Com a dimensão simbólica, a passagem do primeiro estádio do espelho para o segundo, nos “entrega” pelo corte um “Che Vuoi?” não determinante, assim, o sujeito não mais preso o é a demanda do Outro, o que o Outro deseja de mim é reinterpretado como “O que o Outro ‘pode’ ter de mim?” E “O que eu sou sem o Outro?” Ou melhor, quando a grande mãe mostra-se faltante, angustiada, assim como o pai e parte (longe do filho) em direção ao que não sei o que é, não identifico-me mais com o objeto perdido ou creio precisar ser o falo para responder a essa pergunta e ser o que ela deseja, mas apenas aceito a realidade tal como é e vejo-me como um sujeito “com” um falo, portador… Mesmo que não o seja; o lugar da fala é o lugar da falta.
Entretanto, é justamente desse conflito edipiano que, nesta perspectiva, o sujeito vê-se como um “herói” a desbravar seu próprio caminho em uma busca contínua do ideal Ich.

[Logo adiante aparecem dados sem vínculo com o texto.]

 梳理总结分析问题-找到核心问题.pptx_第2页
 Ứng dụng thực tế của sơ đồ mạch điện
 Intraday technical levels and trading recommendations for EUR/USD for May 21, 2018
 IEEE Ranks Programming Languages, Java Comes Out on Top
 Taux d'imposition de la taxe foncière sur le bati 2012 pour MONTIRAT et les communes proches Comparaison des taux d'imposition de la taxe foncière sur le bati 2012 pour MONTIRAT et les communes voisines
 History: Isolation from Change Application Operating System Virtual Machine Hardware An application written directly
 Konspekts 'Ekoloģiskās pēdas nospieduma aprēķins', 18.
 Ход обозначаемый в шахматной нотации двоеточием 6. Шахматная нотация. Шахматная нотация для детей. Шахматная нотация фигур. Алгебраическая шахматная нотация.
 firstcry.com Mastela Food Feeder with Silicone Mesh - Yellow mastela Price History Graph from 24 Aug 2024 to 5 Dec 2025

Assim sendo, a lei é sobremaneiramente “psíquica”, melhor, “mítica”, se dar, pois, pela ordem da procura pela verdade do inconsciente ou do real que é impossível, mas é onde tudo acontece e é. A procura pela verdade é não uma procura pela adequação entre minhas elaborações técnicas/formais e a realidade, mas entre o discurso sobre o inconsciente e o inconsciente, que é em nós predominantemente contingente e angustiante.

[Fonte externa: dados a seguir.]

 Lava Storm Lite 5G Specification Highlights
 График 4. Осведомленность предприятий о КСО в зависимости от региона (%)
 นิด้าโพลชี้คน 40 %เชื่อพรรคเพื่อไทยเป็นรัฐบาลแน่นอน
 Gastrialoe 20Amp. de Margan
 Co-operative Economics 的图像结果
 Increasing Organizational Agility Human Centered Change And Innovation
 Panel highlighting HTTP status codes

A linguagem nos atravessa e nos trás um nome, que não é nome próprio, uma função que nos entrega “infinitos” valores e objetos possíveis a depender desses nomes, melhor dizendo, dessas interpretações. Em que há uma lógica a guiar tudo isso e essa lógica expressa-se sinteticamente em uma estrutura, porém, onde é melhor compreendido é quando se tem o que se “fez”, a divisão e, por conseguinte, a relação. Dessarte, que ciência comportaria a existência do inconsciente? Como seria articulado este defronte o real? Ou que ciência veria a significação do inconsciente real por meio da transferência como um “fato” neutro ante a assunção do realismo moderado? Portanto, a questão sobre a cientificidade da psicanálise deve ser substituída por: que ciência conteria ou suportaria a descoberta do inconsciente.